Recorded data:
◇ ◇ ◇ ◇ ◇

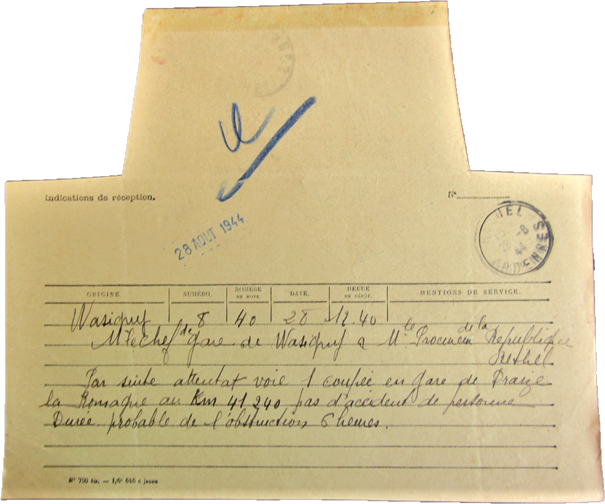 Télégramme du 28 août 1944 par le chef de gare de Wasigny, Archives départementales des Ardennes, 1050 W 114 [série W = archives publiques entrées par voie ordinaire (hors état civil, officiers publics et ministériels). Nota bene : les fonds contemporains reçoivent, au moment de leur versement, un numéro d’ordre suivi de la lettre W].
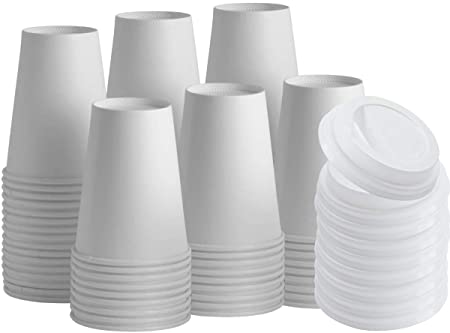 1InTheHome 10 oz White Paper Disposable Cups, Coffee Cups With Lids Disposable, Paper Coffee Hot Cups (100 Cup & 100 Lids))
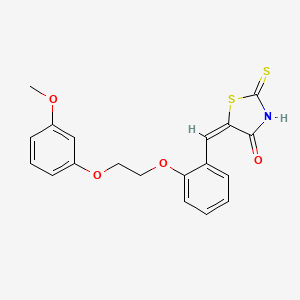 molecular formula C19H17NO4S2 B5212108 5-{2-[2-(3-methoxyphenoxy)ethoxy]benzylidene}-2-thioxo-1,3-thiazolidin-4-one 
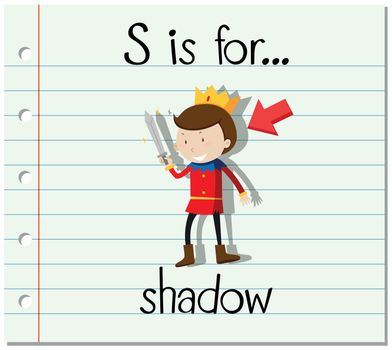 Flashcard letter S is for shadow illustration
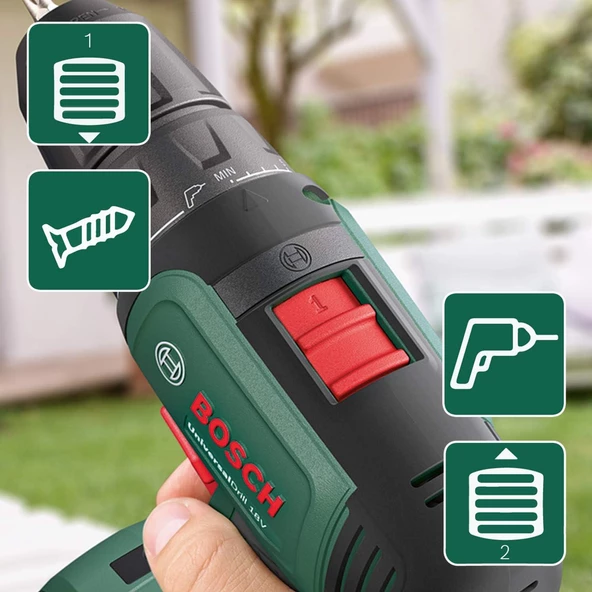 Bosch Universaldrill 18V Tek Akü 1,5 Ah Akülü Matkap Vidalama - 06039D4001 - 2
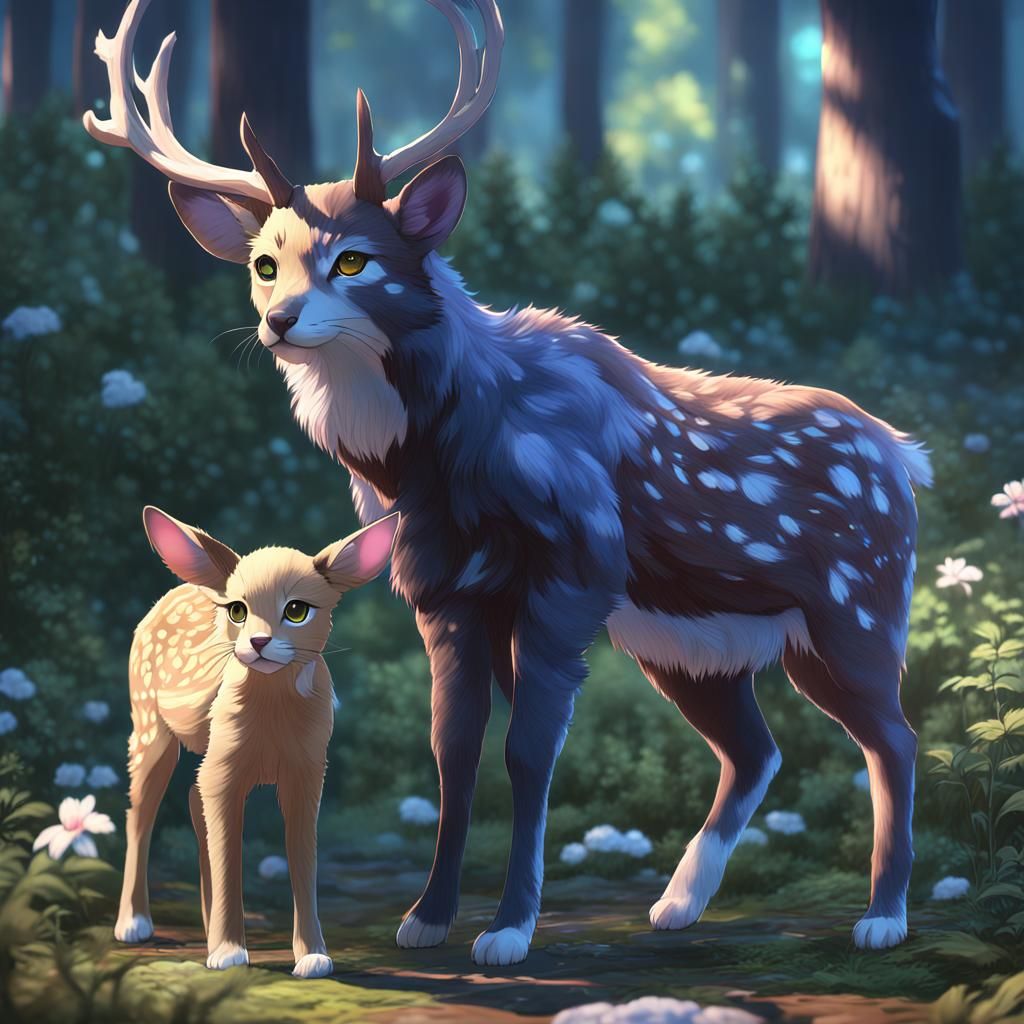 Hybrid Cat Dog Deer in 3D Anime Art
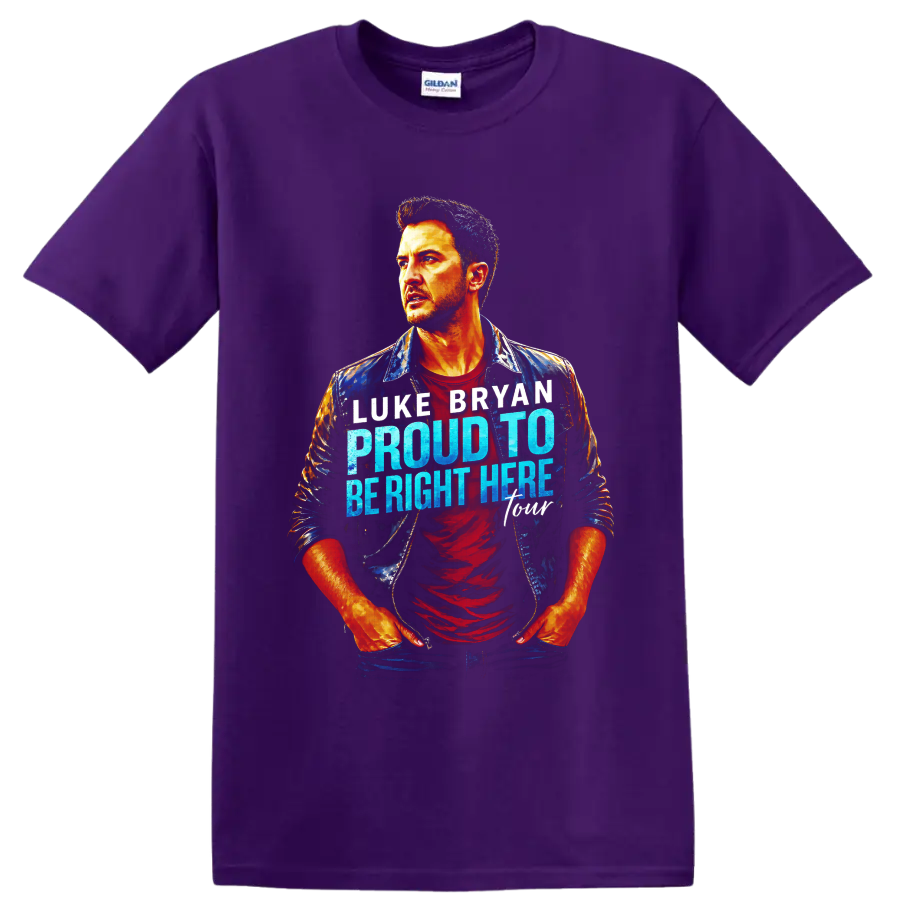 Luke Bryan painterly portrait with Proud To Be Right Here blue and white lettering on a Purple T Shirt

◇ ◇ ◇ ◇ ◇

§ **Problem description**:
Hand back the records above exactly, leaving out every picture.

§ **Reply**:
 Télégramme du 28 août 1944 par le chef de gare de Wasigny, Archives départementales des Ardennes, 1050 W 114 [série W = archives publiques entrées par voie ordinaire (hors état civil, officiers publics et ministériels). Nota bene : les fonds contemporains reçoivent, au moment de leur versement, un numéro d’ordre suivi de la lettre W].
 1InTheHome 10 oz White Paper Disposable Cups, Coffee Cups With Lids Disposable, Paper Coffee Hot Cups (100 Cup & 100 Lids))
 molecular formula C19H17NO4S2 B5212108 5-{2-[2-(3-methoxyphenoxy)ethoxy]benzylidene}-2-thioxo-1,3-thiazolidin-4-one 
 Flashcard letter S is for shadow illustration
 Bosch Universaldrill 18V Tek Akü 1,5 Ah Akülü Matkap Vidalama - 06039D4001 - 2
 Hybrid Cat Dog Deer in 3D Anime Art
 Luke Bryan painterly portrait with Proud To Be Right Here blue and white lettering on a Purple T Shirt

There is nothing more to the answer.